The Dream Card Revisited (The Ultimate Card to Wallet – A Comprehensive Guide) – David Malek

$34.95

A review by Jamy Ian Swiss in The Lyons Den 11/27/2019

Everything I’ve written about The Ultimate Ten-Card Poker Deal is equally true, if not more so, of The Dream Card Revisited. This booklet also addresses a single routine, at a slightly higher price than that asked for the Ultimate Ten-Card Poker Deal. In return for that slight difference, you get a book twice the length, that is nothing less than a master class in conjuring thinking, given by a master magician. That’s right: one hundred and fifty-eight pages dedicated to one routine. And a book filled with priceless teaching.

“Teaching” is the operative word. You don’t just get the instructions to a trick. You get every conceivable detail, and I cannot imagine a student completing study of this book and feeling that anything has been left out or any unanswered questions are left to linger. There are, for example, thirteen pages devoted to palming, describing multiple techniques, countless fine details, and superb theoretical discussion about misdirection, along with the author’s thoughts about other palming experts who have influenced his work, including the legendary Michael Skinner, and a contemporary, John Carney.

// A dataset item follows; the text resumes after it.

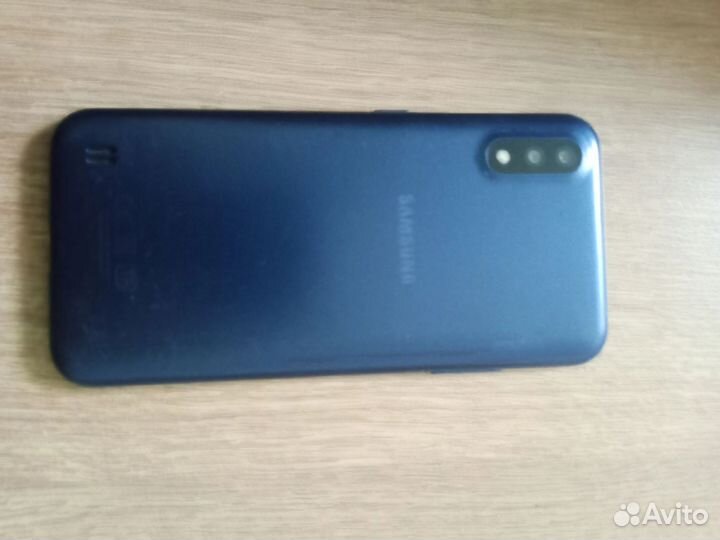 Samsung Galaxy A01, 2/16 ГБ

“The Dream Card” is a neo-classic take on the card-to-wallet plot, devised by Darwin Ortiz and first published in 1988 in his first and excellent book, Darwin Ortiz at the Card Table. It remains among his best-known routines—and for good reason. It brings a different approach to the standard card-to-wallet routine, invoking not just the effect of transposition, but also of a kind of time travel (not unlike Alex Elmsley’s “Between Two Palms”). The routine achieves a deep mystery with fairly minimal requirements: an extra card; a force (in Malek’s version); a palm; and a Balducci-style wallet. The original routine has been used by countless magicians (I’ve used it myself on the trade show floor), and it’s sparked variations, notably including Jim Swain’s terrific “Airmail Card” (Miracles with Cards by James Swain; 1996).

Malek considers Ortiz’s trick to be “a one-of-a-kind brilliant card trick,” that he has been performing professionally for more than twenty-five years. In that period, the author has devised a number of “ideas that preserve the effect while, at the same time, make other areas of the routine stronger.” I believe these claims are accurate, and reasonably made—grounded in real-world experience, not armchair theorizing, or vaporous wishful thinking of the kind that fuels the instant download market.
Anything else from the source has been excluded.